### EXERCISE MATERIAL
━━━━━━━━━━━━━━━━

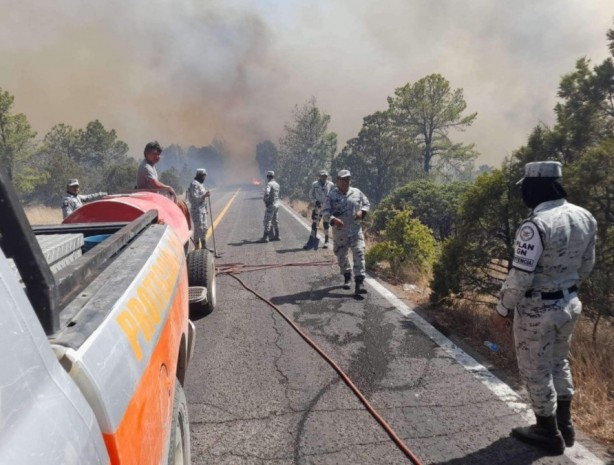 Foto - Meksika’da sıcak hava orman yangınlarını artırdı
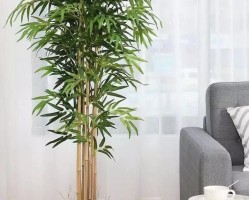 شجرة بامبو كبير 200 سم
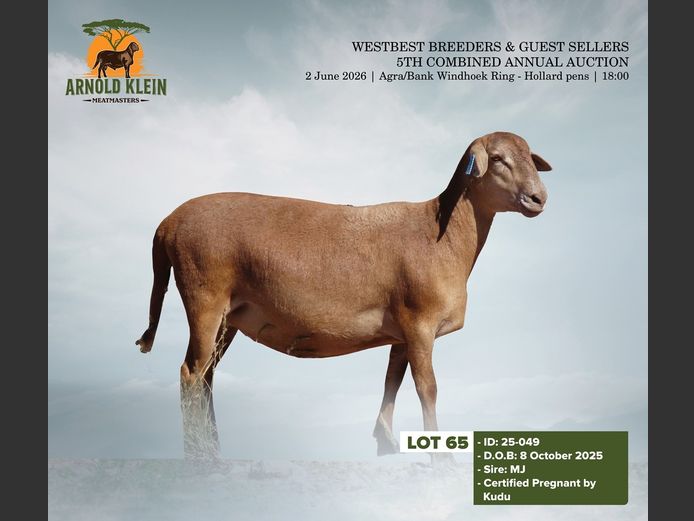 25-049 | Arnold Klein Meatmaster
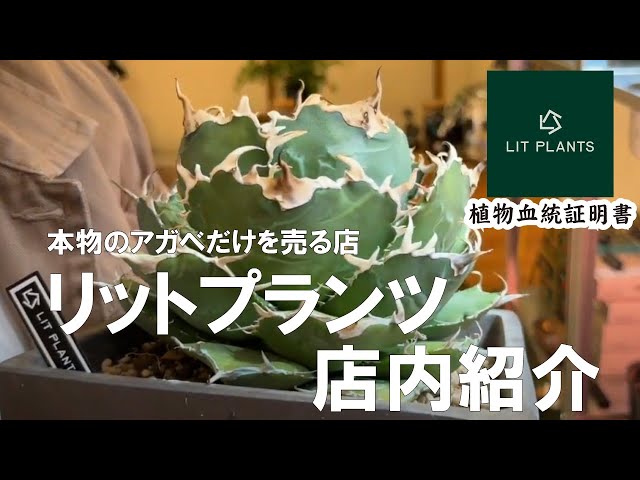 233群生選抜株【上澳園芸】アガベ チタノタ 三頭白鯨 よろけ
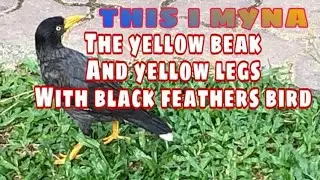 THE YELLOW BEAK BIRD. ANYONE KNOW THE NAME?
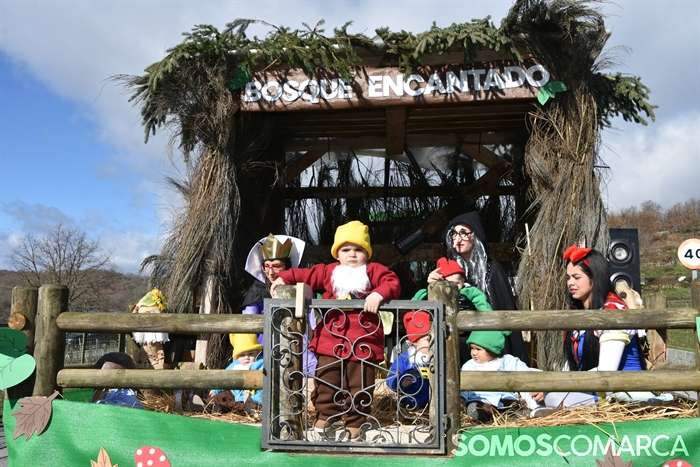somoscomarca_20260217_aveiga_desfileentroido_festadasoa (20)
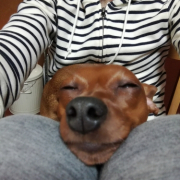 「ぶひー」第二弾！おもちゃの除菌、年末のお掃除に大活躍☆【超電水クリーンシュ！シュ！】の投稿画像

━━━━━━━━━━━━━━━━

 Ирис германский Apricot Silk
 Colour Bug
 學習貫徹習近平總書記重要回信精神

━━━━━━━━━━━━━━━━

### REQUIRED ACTION
All lines above from the line with "Ирис германский Apricot Silk" through the line with "學習貫徹習近平總書記重要回信精神", both included, are to be set down exactly, with nothing else.

### RESULT FOR THIS TASK
 Ирис германский Apricot Silk
 Colour Bug
 學習貫徹習近平總書記重要回信精神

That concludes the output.